Repeat the listing exactly. The images do not belong in the copy.

Supplied records:
━━━━━━━━━━━━━━━━━━━━
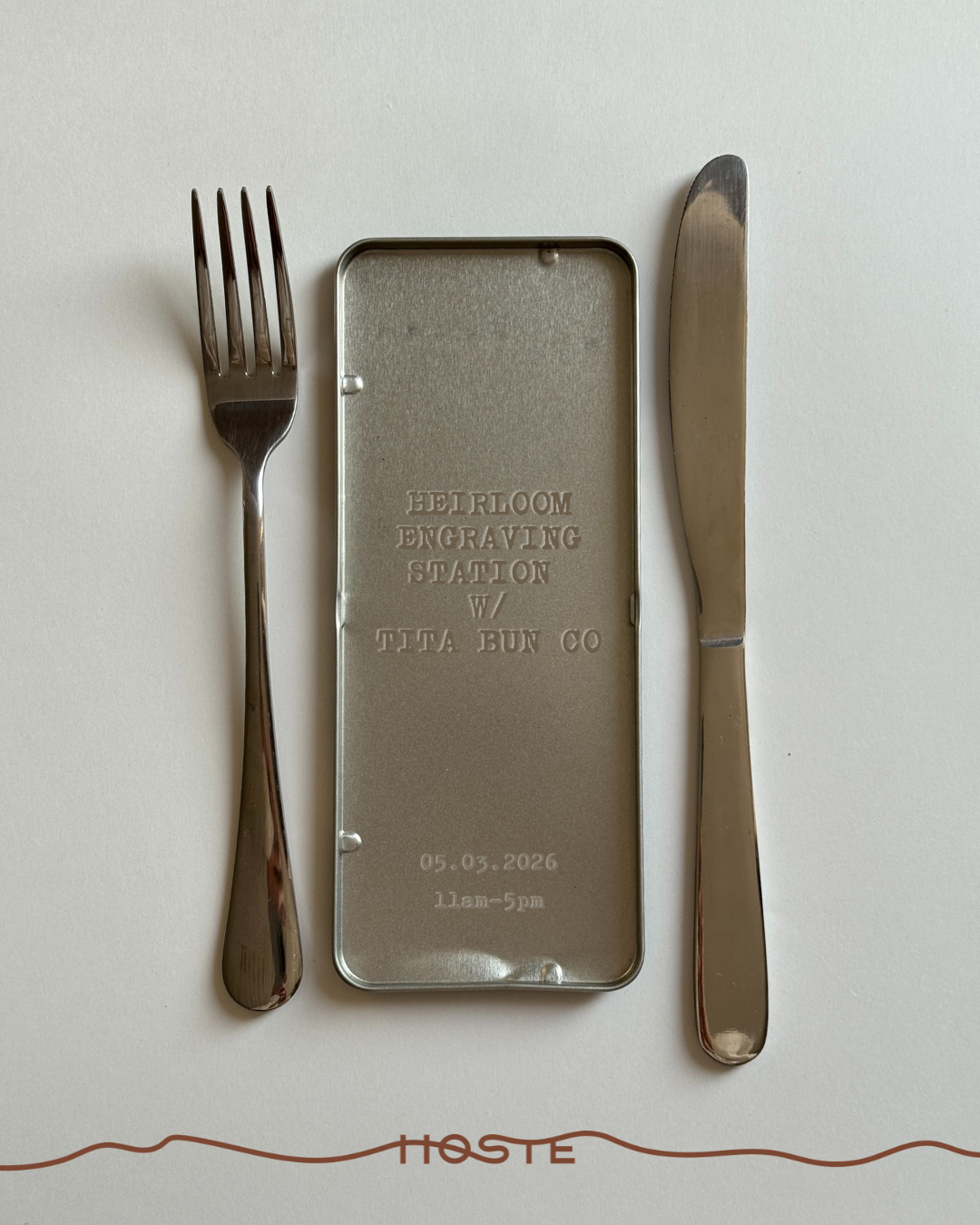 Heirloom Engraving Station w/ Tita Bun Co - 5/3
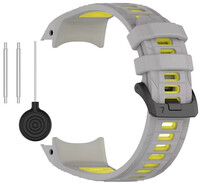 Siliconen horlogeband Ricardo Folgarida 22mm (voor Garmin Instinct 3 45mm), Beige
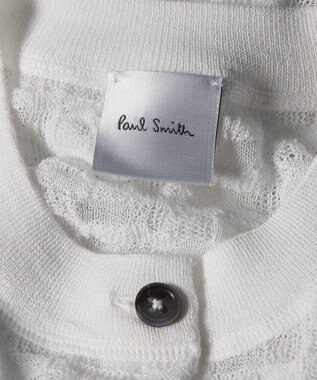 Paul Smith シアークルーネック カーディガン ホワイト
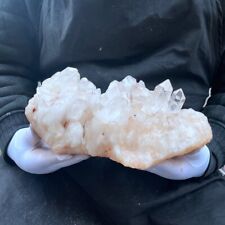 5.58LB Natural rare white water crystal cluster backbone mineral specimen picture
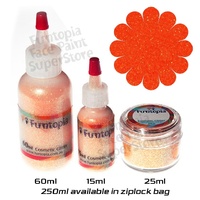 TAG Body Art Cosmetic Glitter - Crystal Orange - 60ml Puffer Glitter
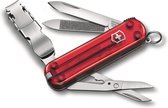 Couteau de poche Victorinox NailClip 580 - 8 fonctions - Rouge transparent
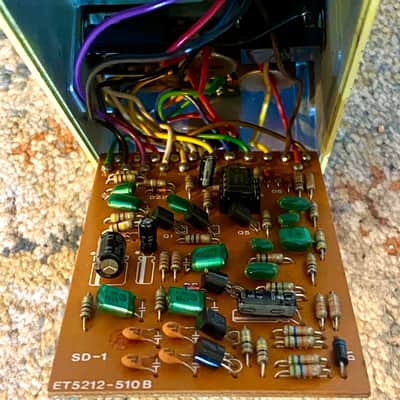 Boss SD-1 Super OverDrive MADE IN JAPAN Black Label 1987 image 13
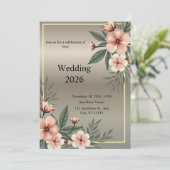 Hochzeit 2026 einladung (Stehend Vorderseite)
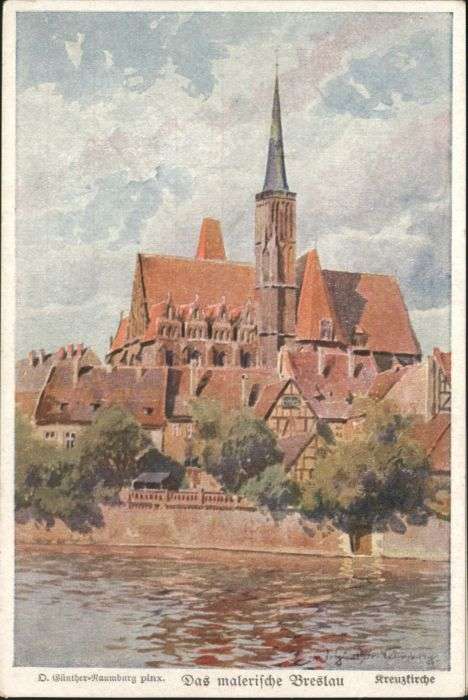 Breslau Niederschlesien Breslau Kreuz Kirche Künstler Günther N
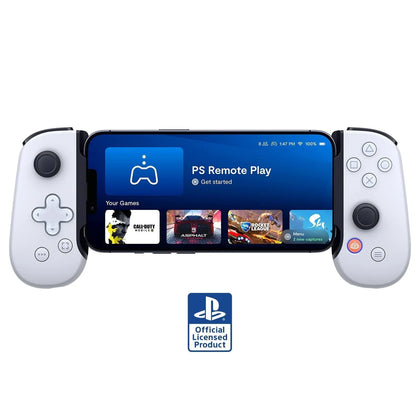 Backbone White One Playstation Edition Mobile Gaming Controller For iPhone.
━━━━━━━━━━━━━━━━━━━━
Written response:
 Heirloom Engraving Station w/ Tita Bun Co - 5/3
 Siliconen horlogeband Ricardo Folgarida 22mm (voor Garmin Instinct 3 45mm), Beige
 Paul Smith シアークルーネック カーディガン ホワイト
 5.58LB Natural rare white water crystal cluster backbone mineral specimen picture
 TAG Body Art Cosmetic Glitter - Crystal Orange - 60ml Puffer Glitter
 Couteau de poche Victorinox NailClip 580 - 8 fonctions - Rouge transparent
 Boss SD-1 Super OverDrive MADE IN JAPAN Black Label 1987 image 13
 Hochzeit 2026 einladung (Stehend Vorderseite)
 Breslau Niederschlesien Breslau Kreuz Kirche Künstler Günther N
 Backbone White One Playstation Edition Mobile Gaming Controller For iPhone.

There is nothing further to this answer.